Also in this week’s Sacramento Report, nearly half the residents polled in Orange and San Diego counties said they worried about the water supply in their part of the state. Plus Equality California, an LGBTQ civil rights organization, has endorsed both Republican Assemblyman Brian Maienschein, and his Democratic challenger Sunday Gover in the 77th Assembly District race.

Some Things Never Change, But Bylines Do

San Diego declared March 30 “Roger Showley Day,” commemorating the Union-Tribune reporter’s retirement after 44 years at the paper.

Fittingly, Showley’s final story revisited the 1974 book “Temporary Paradise?” about the promise and problems facing San Diego’s growth and development. The book has been republished this year, including a prologue from SDSU professor Bruce Appleyard, whose dad, Donald Appleyard, was one of its original authors.

On Facebook, Showley pointed out that the book’s release and re-release perfectly bookend his career at the paper. During that time, Showley has relentlessly covered how and where San Diego is growing. Few topics are as central to local government as land use. The region will be less informed on those matters without Showley’s yeoman’s work.

— Andrew Keatts

In Other News

General Dynamics-NASSCO is promising to hire 800 to 1,000 workers, including welders, electricians and shipfitters. (Union-Tribune)

The Union-Tribune also reports that the various public and private parties competing for control of a bayfront site in San Diego — which is key to the city’s planned expansion of the convention center — are in a holding pattern while closed-door discussions continue.

Cesar Chavez would have been 91 on Friday. KPBS spoke to a close friend of his, retired educator LeRoy Chatfield, about the labor leader’s legacy.

• A deported U.S. Army veteran who was granted U.S. citizenship is expected to attend a naturalization ceremony next month in San Diego. (Associated Press)

The craft beer sector’s share of the market is growing while the volume of beer sold in the U.S. declined slightly in 2017. (San Diego Reader)

Top Stories of the Week

1. Thanks to a Loophole, Remodels Along the Coast Are Actually New Homes

Developers on the coast have learned to use a loophole that lets them tear down old homes, replace them with bigger ones and call it a remodel. Neighbors have hated it for years, and now are pushing for a fix. (Andrew Keatts)

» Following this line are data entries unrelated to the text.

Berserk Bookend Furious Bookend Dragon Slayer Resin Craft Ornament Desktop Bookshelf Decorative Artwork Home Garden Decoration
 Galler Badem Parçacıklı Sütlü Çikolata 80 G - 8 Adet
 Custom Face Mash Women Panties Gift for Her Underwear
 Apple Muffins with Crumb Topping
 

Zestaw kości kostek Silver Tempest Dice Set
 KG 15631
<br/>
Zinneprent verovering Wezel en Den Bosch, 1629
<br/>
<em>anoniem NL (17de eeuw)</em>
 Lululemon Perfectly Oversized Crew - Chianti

2. Councilman Calls Use of ‘SDSU’ in Initiative for Mission Valley Land Illegal

Supporters of the initiative that would sell the old stadium land to San Diego State University have had to keep their distance from the university. But City Councilman Scott Sherman says they broke the law by using the name SDSU for their initiative and campaigns. (Andrew Keatts)

3. Politics Report: Votes Thrown Out in Barrio Logan

District Attorney Summer Stephan opens up about a controversial decision and more. Community planning in Barrio Logan is a big deal and causing big political moves. The charter schools are coming (to a convention). (Scott Lewis and Andrew Keatts)

4. County Leaders Will Consider Joining Trump Lawsuit

County Board of Supervisors Chairwoman Kristin Gaspar says the board will discuss in closed session whether to join the lawsuit between California and the Trump administration over the state’s sanctuary policies. (Maya Srikrishnan)

5. San Diego County Will Be Short of Housing Even If Everything Planned Gets Built

SANDAG projects the county will be more than 150,000 homes short of what it will need by 2050, even if cities across the county build everything current plans allow. (Lisa Halverstadt)


Thursday’s Learning Curve column said the California Charter Schools Association endorsed Antonio Villaraigosa for governor. The endorsement came from The California Charter Schools Association Advocates, the group’s political arm.